[WHAT TO WORK ON]
Write out the entries below exactly. End with the line that contains "Fingal Head NSW 2487".

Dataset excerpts
┄┄┄┄┄┄┄┄┄┄┄┄┄┄┄┄┄┄┄┄
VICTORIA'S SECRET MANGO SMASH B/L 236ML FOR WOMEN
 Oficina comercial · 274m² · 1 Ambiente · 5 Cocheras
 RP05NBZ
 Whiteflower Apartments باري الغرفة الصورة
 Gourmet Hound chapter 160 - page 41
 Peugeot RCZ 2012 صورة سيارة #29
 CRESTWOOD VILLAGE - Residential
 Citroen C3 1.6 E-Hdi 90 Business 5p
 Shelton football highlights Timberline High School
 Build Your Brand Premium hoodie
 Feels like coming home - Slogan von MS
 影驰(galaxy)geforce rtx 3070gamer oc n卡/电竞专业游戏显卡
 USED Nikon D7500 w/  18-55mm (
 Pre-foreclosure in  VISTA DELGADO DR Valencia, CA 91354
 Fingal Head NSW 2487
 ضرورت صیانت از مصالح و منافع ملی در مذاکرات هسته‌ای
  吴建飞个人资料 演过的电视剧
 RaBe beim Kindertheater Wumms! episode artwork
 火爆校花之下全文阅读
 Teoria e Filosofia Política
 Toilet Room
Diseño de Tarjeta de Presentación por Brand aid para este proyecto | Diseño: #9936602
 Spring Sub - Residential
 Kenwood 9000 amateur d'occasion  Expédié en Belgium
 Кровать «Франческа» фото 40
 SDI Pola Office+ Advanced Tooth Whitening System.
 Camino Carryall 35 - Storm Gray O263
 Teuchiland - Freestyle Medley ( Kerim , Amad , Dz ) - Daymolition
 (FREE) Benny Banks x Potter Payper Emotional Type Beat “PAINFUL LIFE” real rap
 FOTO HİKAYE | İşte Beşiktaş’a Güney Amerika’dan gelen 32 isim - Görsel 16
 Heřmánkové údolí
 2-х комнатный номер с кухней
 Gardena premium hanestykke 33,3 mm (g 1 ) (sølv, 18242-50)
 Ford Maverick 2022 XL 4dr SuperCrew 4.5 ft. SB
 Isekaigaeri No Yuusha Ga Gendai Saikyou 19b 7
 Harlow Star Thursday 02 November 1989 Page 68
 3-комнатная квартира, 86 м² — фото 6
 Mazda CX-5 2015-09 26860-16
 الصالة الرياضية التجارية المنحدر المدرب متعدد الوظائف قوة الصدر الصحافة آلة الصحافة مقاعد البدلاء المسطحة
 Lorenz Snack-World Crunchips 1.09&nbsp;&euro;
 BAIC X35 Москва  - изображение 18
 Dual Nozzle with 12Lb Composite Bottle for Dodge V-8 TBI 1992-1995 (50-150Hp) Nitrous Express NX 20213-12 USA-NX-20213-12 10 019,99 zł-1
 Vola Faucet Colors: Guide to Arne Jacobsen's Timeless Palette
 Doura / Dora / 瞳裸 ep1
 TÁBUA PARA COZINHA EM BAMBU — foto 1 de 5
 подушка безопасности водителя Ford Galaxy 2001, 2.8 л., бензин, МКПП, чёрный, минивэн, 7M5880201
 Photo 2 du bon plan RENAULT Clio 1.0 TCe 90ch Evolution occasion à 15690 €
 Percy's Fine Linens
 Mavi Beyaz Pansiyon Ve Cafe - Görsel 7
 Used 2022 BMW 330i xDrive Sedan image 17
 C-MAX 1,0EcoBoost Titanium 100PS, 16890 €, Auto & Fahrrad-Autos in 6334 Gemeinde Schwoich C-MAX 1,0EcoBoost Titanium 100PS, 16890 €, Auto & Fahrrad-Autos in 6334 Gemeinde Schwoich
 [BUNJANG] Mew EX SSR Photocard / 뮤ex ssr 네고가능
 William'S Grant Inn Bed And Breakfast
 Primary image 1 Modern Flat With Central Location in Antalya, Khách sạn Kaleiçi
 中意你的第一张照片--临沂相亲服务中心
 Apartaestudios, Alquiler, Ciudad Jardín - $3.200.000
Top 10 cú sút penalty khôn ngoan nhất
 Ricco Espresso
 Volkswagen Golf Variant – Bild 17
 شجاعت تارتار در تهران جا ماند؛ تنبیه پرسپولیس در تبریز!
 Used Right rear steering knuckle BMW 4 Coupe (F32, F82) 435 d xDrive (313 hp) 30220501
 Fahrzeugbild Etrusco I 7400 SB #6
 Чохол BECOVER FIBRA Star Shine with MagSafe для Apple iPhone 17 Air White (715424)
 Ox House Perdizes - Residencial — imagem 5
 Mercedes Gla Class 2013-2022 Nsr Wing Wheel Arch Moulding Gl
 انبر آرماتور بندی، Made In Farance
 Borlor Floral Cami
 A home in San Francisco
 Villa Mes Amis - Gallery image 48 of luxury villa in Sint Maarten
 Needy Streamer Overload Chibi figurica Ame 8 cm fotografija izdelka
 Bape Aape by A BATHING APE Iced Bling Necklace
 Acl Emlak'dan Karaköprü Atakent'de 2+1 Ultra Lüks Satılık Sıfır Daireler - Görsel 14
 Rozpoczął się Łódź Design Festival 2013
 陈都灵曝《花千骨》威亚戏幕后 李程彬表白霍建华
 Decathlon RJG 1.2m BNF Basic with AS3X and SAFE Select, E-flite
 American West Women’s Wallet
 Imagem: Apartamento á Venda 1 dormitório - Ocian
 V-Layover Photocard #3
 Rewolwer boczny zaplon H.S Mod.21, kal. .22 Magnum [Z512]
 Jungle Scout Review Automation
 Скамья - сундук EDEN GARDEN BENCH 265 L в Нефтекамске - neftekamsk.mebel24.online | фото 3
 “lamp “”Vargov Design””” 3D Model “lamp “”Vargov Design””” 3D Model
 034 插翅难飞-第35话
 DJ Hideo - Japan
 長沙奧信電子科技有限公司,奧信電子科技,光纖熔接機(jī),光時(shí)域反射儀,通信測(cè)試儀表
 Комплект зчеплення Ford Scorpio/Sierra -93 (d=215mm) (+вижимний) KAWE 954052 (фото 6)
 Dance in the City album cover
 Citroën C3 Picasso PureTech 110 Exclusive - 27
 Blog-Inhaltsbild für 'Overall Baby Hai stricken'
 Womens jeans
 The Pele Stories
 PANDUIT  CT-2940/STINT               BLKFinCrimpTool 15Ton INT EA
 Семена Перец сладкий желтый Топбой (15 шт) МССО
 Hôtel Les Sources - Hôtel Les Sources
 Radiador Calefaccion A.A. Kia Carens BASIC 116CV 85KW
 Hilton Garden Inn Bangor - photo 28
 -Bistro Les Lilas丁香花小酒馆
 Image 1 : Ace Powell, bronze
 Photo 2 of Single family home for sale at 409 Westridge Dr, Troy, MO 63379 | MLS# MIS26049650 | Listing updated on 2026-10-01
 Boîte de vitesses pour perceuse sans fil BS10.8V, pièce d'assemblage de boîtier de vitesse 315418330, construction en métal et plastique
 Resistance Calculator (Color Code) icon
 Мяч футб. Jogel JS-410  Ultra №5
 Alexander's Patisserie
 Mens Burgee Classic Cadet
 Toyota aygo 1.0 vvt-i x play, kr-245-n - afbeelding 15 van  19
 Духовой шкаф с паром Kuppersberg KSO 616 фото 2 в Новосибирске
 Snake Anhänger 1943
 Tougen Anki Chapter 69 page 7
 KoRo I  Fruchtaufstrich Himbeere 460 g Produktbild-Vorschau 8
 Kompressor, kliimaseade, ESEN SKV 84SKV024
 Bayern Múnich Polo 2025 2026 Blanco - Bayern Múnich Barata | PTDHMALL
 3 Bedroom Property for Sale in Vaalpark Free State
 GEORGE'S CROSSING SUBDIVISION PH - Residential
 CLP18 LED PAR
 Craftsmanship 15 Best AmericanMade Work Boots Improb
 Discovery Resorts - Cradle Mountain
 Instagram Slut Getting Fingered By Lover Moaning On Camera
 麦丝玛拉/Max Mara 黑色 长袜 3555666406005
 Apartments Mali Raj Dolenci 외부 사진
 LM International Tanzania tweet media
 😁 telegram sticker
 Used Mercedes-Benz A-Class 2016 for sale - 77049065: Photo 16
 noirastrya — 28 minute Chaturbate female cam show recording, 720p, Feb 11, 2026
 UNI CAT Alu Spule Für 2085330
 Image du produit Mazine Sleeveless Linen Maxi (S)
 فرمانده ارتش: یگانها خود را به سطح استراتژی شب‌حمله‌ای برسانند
┄┄┄┄┄┄┄┄┄┄┄┄┄┄┄┄┄┄┄┄
[EXPECTED ANSWER]
VICTORIA'S SECRET MANGO SMASH B/L 236ML FOR WOMEN
 Oficina comercial · 274m² · 1 Ambiente · 5 Cocheras
 RP05NBZ
 Whiteflower Apartments باري الغرفة الصورة
 Gourmet Hound chapter 160 - page 41
 Peugeot RCZ 2012 صورة سيارة #29
 CRESTWOOD VILLAGE - Residential
 Citroen C3 1.6 E-Hdi 90 Business 5p
 Shelton football highlights Timberline High School
 Build Your Brand Premium hoodie
 Feels like coming home - Slogan von MS
 影驰(galaxy)geforce rtx 3070gamer oc n卡/电竞专业游戏显卡
 USED Nikon D7500 w/  18-55mm (
 Pre-foreclosure in  VISTA DELGADO DR Valencia, CA 91354
 Fingal Head NSW 2487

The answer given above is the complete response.